Other Hollywood directors answer that description. What makes Billy Wilder stand out? Two things, says Writer Brackett: "His exuberant vulgarity and his magnificent awareness of the audience. When it comes to guessing audience reaction, Billy is almost never wrong."
Dangerous Ideals. That awareness of audience and story somehow enables him to carry off situations that seem outrageous. Few moviemakers nowadays would dare stake a whole picture, as he did in Some Like It Hot, on the comedy to be derived from two muscular men dressing up as girls. Few producers would have permitted themselves, as Billy did in Sunset Boulevard, to start a movie with a corpse floating in a swimming pool and then have the corpse himself tell the story. He seems almost to be playing a game with himself to see how close he can come to the edge of questionable taste or implausibility without ever falling over the brink.

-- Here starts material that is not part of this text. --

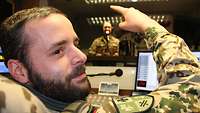 Ein Soldat sitzt am Regiepult und zeigt mit dem Finger auf einen Soldaten, der am Mikrofon vor ihm steht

What keeps him sure-footed may well be an obsession with the craft of storytelling. One of his favorite games is called "openers" and consists of inventing bizarre movie situations. Quite a few of them reach the screen. One of his most famous openers, eventually used in Bluebeard's Eighth Wife: a man (Gary Cooper) and a girl (Claudette Colbert) meet at a d'epartment store counter because she tries to buy only the pants of a pair of pajamas and he only the top. One of Wilder's current and so far unused openers : the Russians kidnap a famous American actress, who might be Marilyn Monroe, in West Berlin; they take her away to brainwash her, but she beats them because she has no brain to wash. Another: a high-ranking Communist defects to the West, leaving his wife and three children behind in Russia. When they are liquidated, he goes back: he was not a defector at all, but merely wanted to get rid of his family.
Many of Wilder's fans think that he is capable of being far more than an entertainer, that he could turn into a Brecht of the cinema. But if Billy did that, he might find himself playing the lead role in a terrifying "opener": big director wins fame and fortune by making solidly entertaining movies, suddenly gets ideals and loses everything on one big flop, winds up living in the ladies' room in the Chateau Marmont.